General Electric and Westinghouse had their own rival distribution chains with locations throughout the United States, and Sylvania fought them for the favor of independent distributors. Smaller lamp manufacturers worked underserved niches they found along the margins.
You could say nothing has really changed in Lamp Land. Yes, Westinghouse and Sylvania were acquired by giant European technology conglomerates — Royal Philips Electronics of The Netherlands got Westinghouse and rebranded it Philips (then sold the Westinghouse brand to a smaller lighting company in Philadelphia that's not part of the big three); Germany's Siemens AG bought Sylvania to combine with its venerable Osram unit. Smaller lamp specialist like Bulbrite Inc., Moonachie, N.J.; Eiko Ltd., Shawnee, Kan.; and Halco Lighting Technologies, Norcross, Ga.; have grown quite a bit larger over the years and have found their own product niches, but they are still much smaller than the Big Three lamp manufacturers.
And yet, over just the past few years, sleepy Lamp Land has taken on the feel of a boomtown, a wide-open place where marvels and mischief wait around every turn.

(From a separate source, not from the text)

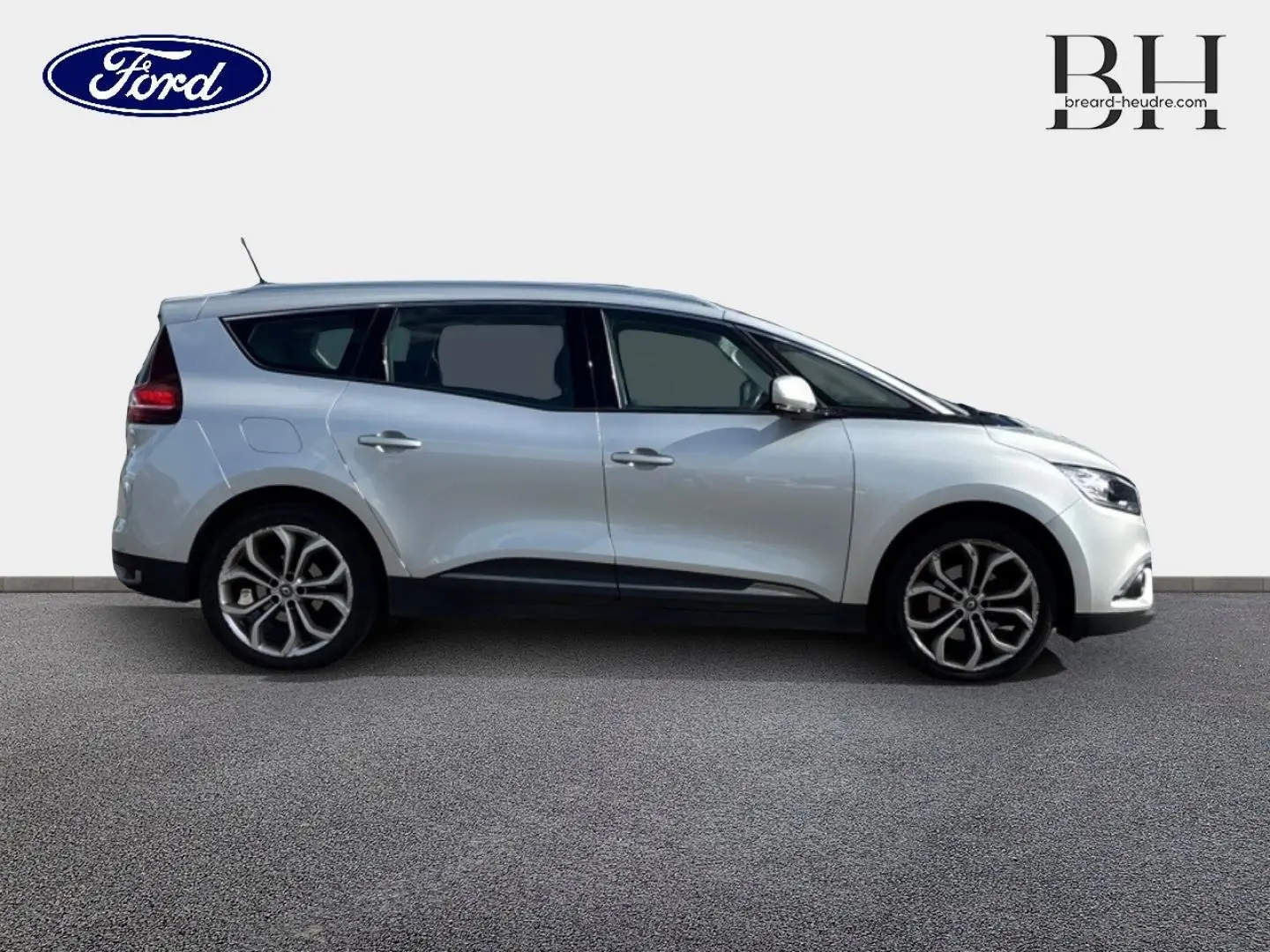 Renault Grand Scenic gris platine vu de profil droit, avec jantes alliage et vitres teintées.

Every source contacted for this article, including people with decades of experience and generations of perspective, agreed that there's never been a more exciting time to be in the lighting business.
Some boomtowns are born from the discovery of gold or oil. Lamp Land has discovered the light-emitting diode (LED).
“I'm firmly convinced that this technology is the kind of paradigm shift the industry hasn't experienced in the past hundred-some-odd years,” says Zia Eftekhar, CEO of Philips Professional Luminaires, a lighting industry veteran of 40 years who joined Philips when it bought the Genlyte Group in 2008. “This light source will replace the majority of traditional light sources. When we look at projections … we believe LED as a light source will be around 50 percent of the total market in the very near future — within a three-year timetable — and 80 percent by the end of this decade. Our company sees it as not just another addition, but as a very significant component of what the industry will look like.”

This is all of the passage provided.